Tamworth 1 Stoke City 1 (aet; Stoke win 5-4 on penalties)
Tamworth let the performance do the talking and proved why they should have been the headline act in this week's television replays.
Chairman Bob Andrews and manager Mark Cooper had told anyone who would listen that The Lamb would provide the true spirit of the FA Cup in this week's third-round replays.
The television executives at Sky Sports and the BBC obviously disagreed and plumped for Leeds United versus Wigan Athletic - hardly one to excite the neutrals - and Burton Albion's rematch at Manchester United as their live broadcasts.
But a heaving, screaming Lamb was where the romance of the greatest competition flourished. The only disappointment was that there was no Barbara Cartland happy-ending for Cooper's Nationwide Conference heroes after Stoke City edged a dramatic sudden-death penalty shoot-out.
Nathan Jackson's tap-in - the teenage striker's second goal for the club - had sent the Tamworth fans into dreamland when just before half time in a rip-roaring tie.
But with ten minutes left Paul Gallagher's acrobatic overheard equaliser grabbed Stoke's get-out-of-jail card in the town where Sir Robert Peel formed the first police force nearly 200 years ago.
After Dave Bampton, Scott Stamps and Adie Smith all scored their kicks, Lambs' full-back Eddie Anaclet's fourth penalty was saved by Steve Simonsen to give them the edge. But Tamworth, who have defeated Bournemouth and Hartlepool in their best Cup run, have a never-saydie spirit and shot-stopper Scott Bevan kicked out Kevin Harper's effort to level.
It was so cruel that one player which have to carry the burden of missing a fateful kick and it was more heartbreaking that man-ofthe-match Michael Touhy should have the first kick of sudden death blocked by Simonsen. Carl Hoefkens kept his nerve and Stoke will face Walsall in the fourth round.
The opening stages of the first half had been more cat and mouse than a rerun of Tom and Jerry.

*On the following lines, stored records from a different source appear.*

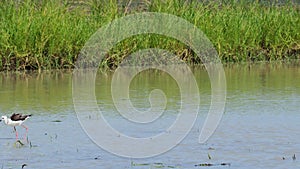 Black Winged Stilt in shallow water. Himan topus himantopus bird wading in the water
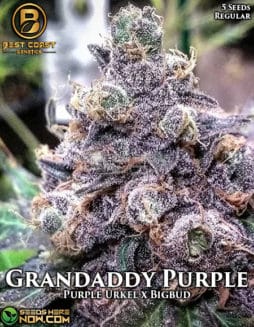 grandaddy purple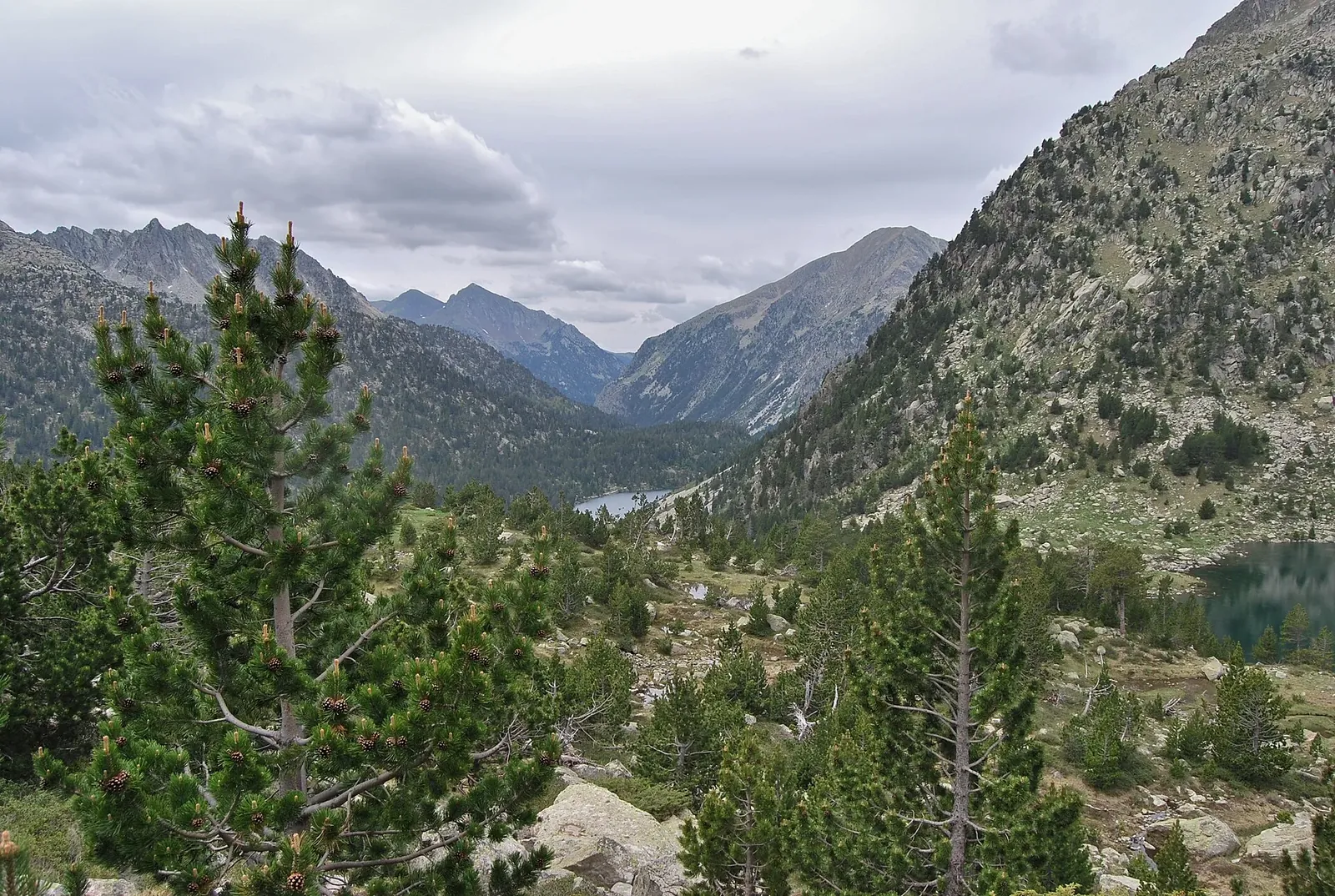 Valle de alta montaña en Aigüestortes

There was even the appearance of a runaway mouse, his slumber disturbed by 4,000 screaming fans before Smith took on the game-keeper role to deposit the errant rodent to the stand.
But skipper Smith, like his team-mates, had to play like tigers to keep out the Stoke attacks. But whether it was luck, or wastefulness from the visitors, or an unshakeable spirit, they were able to repel the Potters' best efforts.

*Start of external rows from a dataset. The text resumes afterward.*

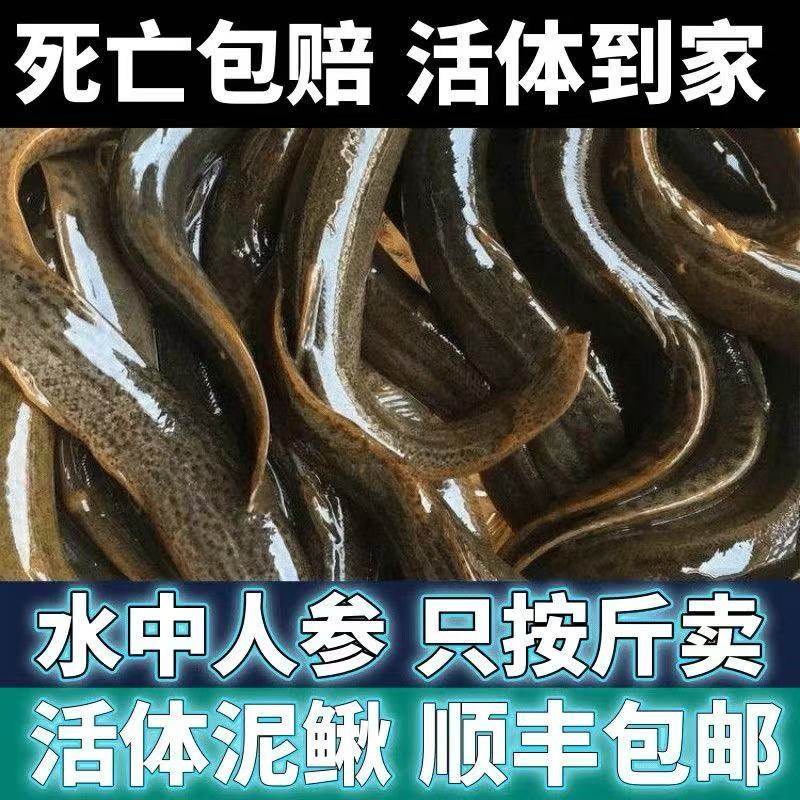 【顺丰快递】湖北土泥鳅现捕现发淡水鱼类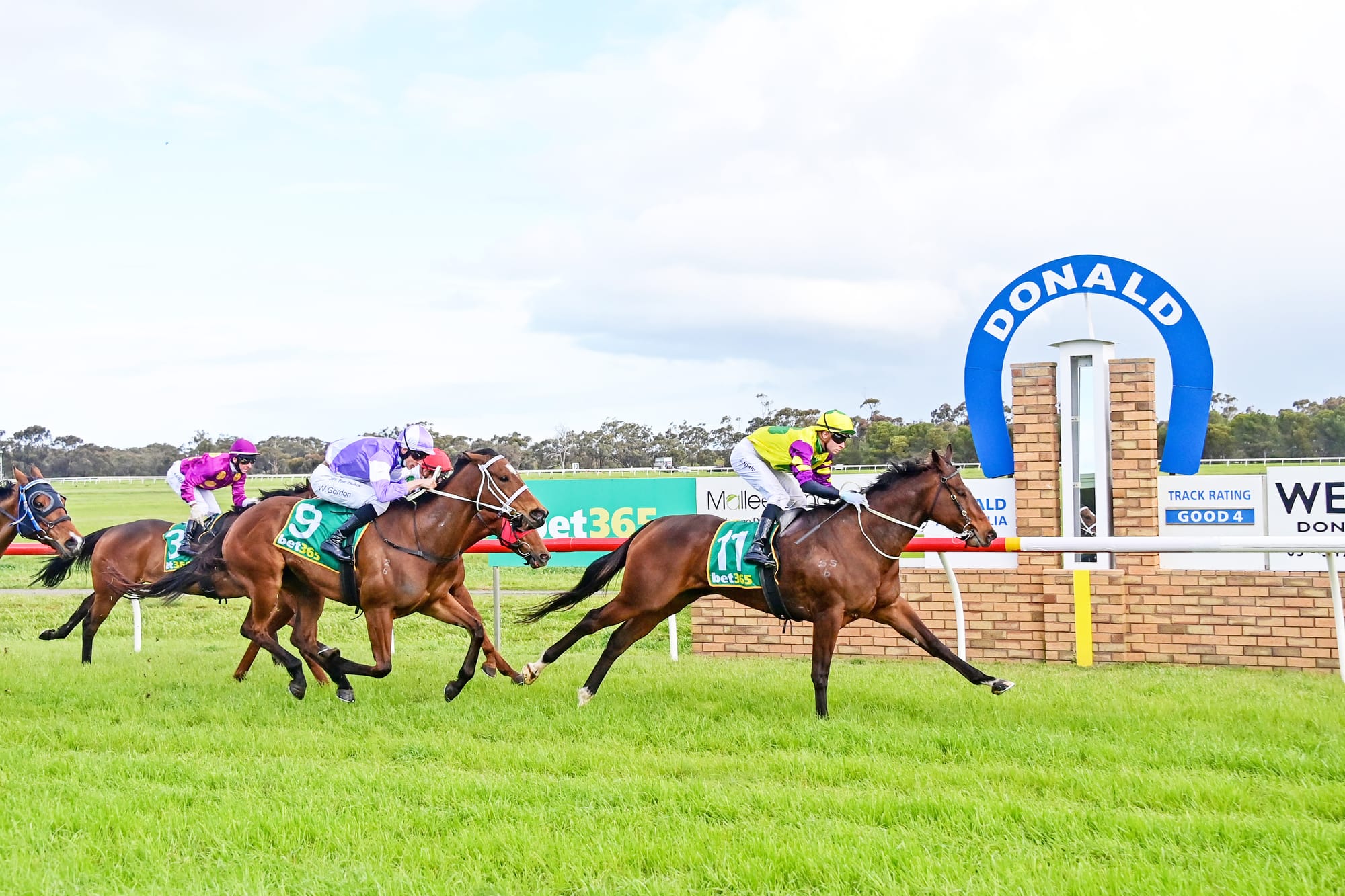 Donald Cup Welcomes Crowds
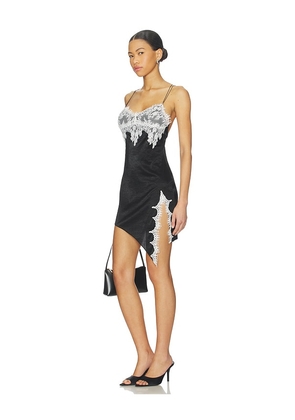 I.AM.GIA Zarina Dress in Black,White. Size M. Also in S, L.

Yet it had seemed the Potters' class of 2006 would find their way into infamy alongside the teams which had been upset by non-Leaguers Blyth Spartans, Telford United, and Nuneaton Borough.

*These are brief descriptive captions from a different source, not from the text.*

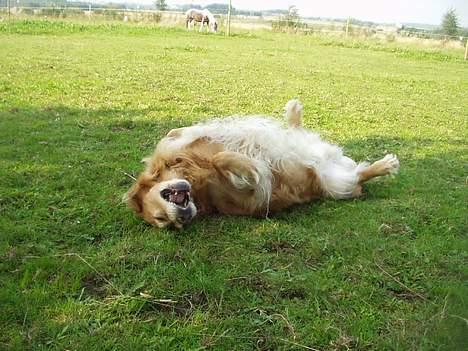 Blanding af racer charlie stille sovet ind - og så hele vejen rundt billede 3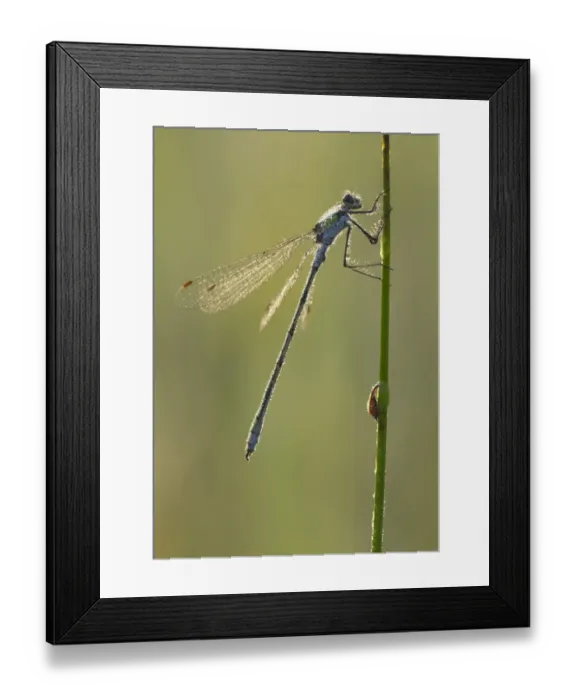 Framed Print : Emerald Damselfly (Lestes sponsa) adult male, covered in dew, resting on stem in early morning, Leicestershire Framed Print : Emerald Damselfly (Lestes sponsa) adult male, covered in dew, resting on stem in early morning, Leicestershire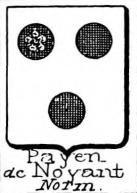 Payen Coat of Arms / Family Crest 9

Stoke will wonder, however, how Gallagher sent a flying header over from Harper's perfect far-post cross on 26 minutes and how he hooked over with the goal gaping from Dave Brammer's deep cross. Bevan used every inch of his 6ft 7in frame to tip Luke Chadwick's 20-yard volley on to the bar.
Having scored only 27 goals all season, Tamworth have found goalscoring a problem this term. Having lost "talisman" Jake Edwards after his loan ended, it was going to be even more of a challenge to break down the Stoke defence.
But on 42 minutes the Lamb erupted with the goal being the most important in the Lambs' history. It was all about perseverance as striker Carl Heggs, an inspirational presence after being recalled, charged down a clearance on the right.
The wily former West Bromwich Albion campaigner picked out Jackson and he calmly side-footed into the net from eight yards.
Tamworth had something as precious as a 24-carat diamond to protect after the break but it became backs-tothe-wall stuff when Gallagher's curling 20-yarder was a lick of paint away from the target and only the bravest of brave blocks by Smith kept out substitute Peter Kopteff's close-range drive.
It was edge of the seat stuff when Mamady Sidibe's low grubber ricocheted off the right-hand post and Bevan managed to gather as the Mali-born centre-forward stampeded goalwards for the rebound.
There was no lucky escape, however, on 81 minutes. Bevan parried substitute Rooney's point-blank header from Kopteff's corner but the ball looped into the air and
Gallagher flicked it over his head into the net. The drama, though, was far from over.